Но, увидев выражение Володиного лица, быстро сказал:

— Но тут я вам не конкурент! Шеф пасует. Только запомни Володя: любовь — это торжество воображения над интеллектом. Хотя, что это я… Помни о приличиях вообще, и о воинской чести, в частности.

Майор забрался в бронетранспортер и укатил. Два солдата с автоматами и УАЗик великолепно вписывались в панораму средневековой деревеньки. Размышляя об этом, Волков хмыкнул. Водитель машины, дремавший на заднем сиденье, при этом открыл один глаз, но тотчас же закрыл его. Мурашевич уютно устроился в теньке и отрешился от грешного мира, размышляя о до сих пор ему неизвестных вещах. Андрей пристроился рядом и принялся негативно влиять на ауру сентиментальности, окружавшую его приятеля.

— А ты, старина, хотел бы, чтобы она сейчас принесла тебе чего-нибудь вкусненького, скажем, яблок?

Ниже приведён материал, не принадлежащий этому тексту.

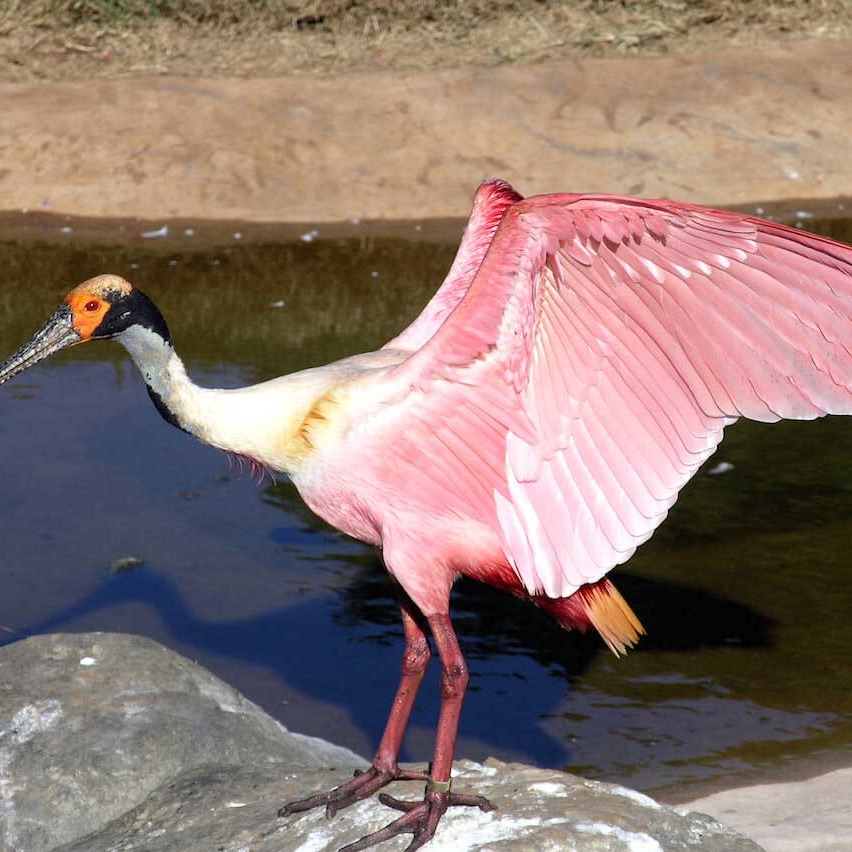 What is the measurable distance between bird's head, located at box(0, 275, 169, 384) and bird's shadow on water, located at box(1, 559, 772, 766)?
Result: 224 cm

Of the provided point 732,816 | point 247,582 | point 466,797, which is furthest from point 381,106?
point 466,797

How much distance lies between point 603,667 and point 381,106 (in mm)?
7076

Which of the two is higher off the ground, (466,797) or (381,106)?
(381,106)

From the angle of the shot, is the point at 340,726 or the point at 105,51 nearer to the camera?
the point at 340,726

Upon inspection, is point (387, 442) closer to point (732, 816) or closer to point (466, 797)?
point (466, 797)

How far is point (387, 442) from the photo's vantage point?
4285 millimetres

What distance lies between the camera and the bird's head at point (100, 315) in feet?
14.6

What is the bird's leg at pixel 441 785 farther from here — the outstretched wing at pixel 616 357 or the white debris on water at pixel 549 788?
the outstretched wing at pixel 616 357

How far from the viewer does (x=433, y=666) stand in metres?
6.59

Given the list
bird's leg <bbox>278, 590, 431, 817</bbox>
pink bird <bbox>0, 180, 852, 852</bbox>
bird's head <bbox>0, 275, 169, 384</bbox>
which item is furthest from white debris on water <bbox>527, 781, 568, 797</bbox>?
bird's head <bbox>0, 275, 169, 384</bbox>

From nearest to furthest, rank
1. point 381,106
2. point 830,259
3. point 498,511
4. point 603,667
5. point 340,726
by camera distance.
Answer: point 830,259 → point 498,511 → point 340,726 → point 603,667 → point 381,106

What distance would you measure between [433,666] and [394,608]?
1.60ft

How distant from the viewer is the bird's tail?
4688 millimetres

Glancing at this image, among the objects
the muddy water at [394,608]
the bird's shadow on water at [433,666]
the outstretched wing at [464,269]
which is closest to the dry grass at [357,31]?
Result: the muddy water at [394,608] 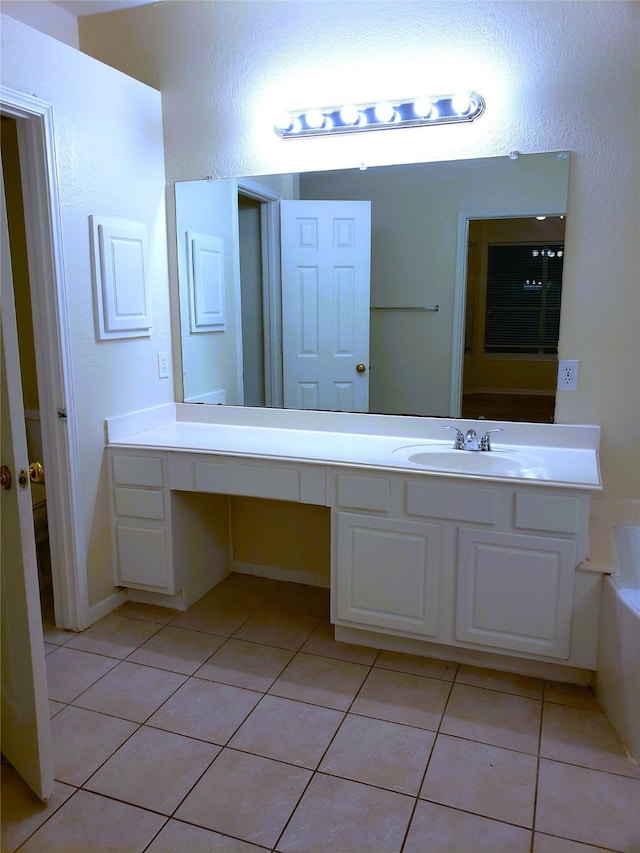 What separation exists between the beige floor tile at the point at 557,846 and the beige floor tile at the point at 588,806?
0.02m

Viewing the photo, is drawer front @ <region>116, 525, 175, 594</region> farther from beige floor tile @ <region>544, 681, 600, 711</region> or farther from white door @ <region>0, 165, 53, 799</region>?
beige floor tile @ <region>544, 681, 600, 711</region>

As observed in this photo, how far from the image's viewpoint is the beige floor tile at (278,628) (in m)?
2.48

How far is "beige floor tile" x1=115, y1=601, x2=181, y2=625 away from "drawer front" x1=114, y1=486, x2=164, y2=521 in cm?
41

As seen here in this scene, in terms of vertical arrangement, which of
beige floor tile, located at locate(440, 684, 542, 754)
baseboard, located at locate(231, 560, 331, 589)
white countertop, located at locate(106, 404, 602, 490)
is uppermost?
white countertop, located at locate(106, 404, 602, 490)

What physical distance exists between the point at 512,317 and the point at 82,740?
201 cm

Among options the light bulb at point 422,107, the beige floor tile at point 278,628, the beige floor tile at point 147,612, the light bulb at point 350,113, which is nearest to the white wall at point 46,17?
the light bulb at point 350,113

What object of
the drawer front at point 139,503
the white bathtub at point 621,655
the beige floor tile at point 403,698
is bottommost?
the beige floor tile at point 403,698

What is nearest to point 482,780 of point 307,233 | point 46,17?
point 307,233

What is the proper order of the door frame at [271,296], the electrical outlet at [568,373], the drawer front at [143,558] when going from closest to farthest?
the electrical outlet at [568,373], the drawer front at [143,558], the door frame at [271,296]

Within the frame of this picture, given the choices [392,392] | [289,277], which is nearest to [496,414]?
[392,392]

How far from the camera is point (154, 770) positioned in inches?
69.9

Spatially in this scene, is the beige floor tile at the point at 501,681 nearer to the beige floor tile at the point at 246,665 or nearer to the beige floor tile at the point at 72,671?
the beige floor tile at the point at 246,665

— Идиот! — Мурашевич зевнул, — какие яблоки в мае!

— Ну, груш, — чувствуя, что несет околесицу, Андрей, тем не менее, не мог уняться. Вдруг он от неожиданности икнул. Володя открыл глаза и обомлел. К ним направлялся предмет их беседы. Пунцовая, как целый куст роз, Евдокия приблизилась к ним, поклонилась и грудным голосом мягко проговорила:

— Батюшка мой вам кланяется и просит откушать с нами, — девушка поклонилась еще раз и убежала. Володя искоса глянул на приятеля:

— Слышь, Андрюха, ляпни что-нибудь про уста сахарные.

— Расслабься, — посоветовал товарищу Андрей.

— Заткнись! — буркнул Мурашевич, поднимаясь на ноги, — пошли на трапезу, неудобно как-то отказываться.

— Неудобно, когда мама младше тебя, — ответил Андрей, — а если опять узкоглазые наскочат?

— Они узкоглазые, а мы — широкоплечие. Я один сотню завалю, на спор! — расходился Мурашевич, летая на крыльях любви.

— Ладно, остынь. Пойдем в хату, только много не пей — мы как-никак советские воины.

А тем временем в городке было неспокойно. В кабинет Норвегова влетел запыхавшийся прапорщик Климов и сказал, что на плацу собрались бабы и грозят устроить бучу, если к ним тотчас не спустится командир, и не объяснит, за каким хреном нету выхода на город по телефонной связи, молчит радио, а телевизоры показывают голый растр. За каким дьяволом их не выпускают за пределы городка, и отчего лак для ногтей сохнет в два раза дольше обычного.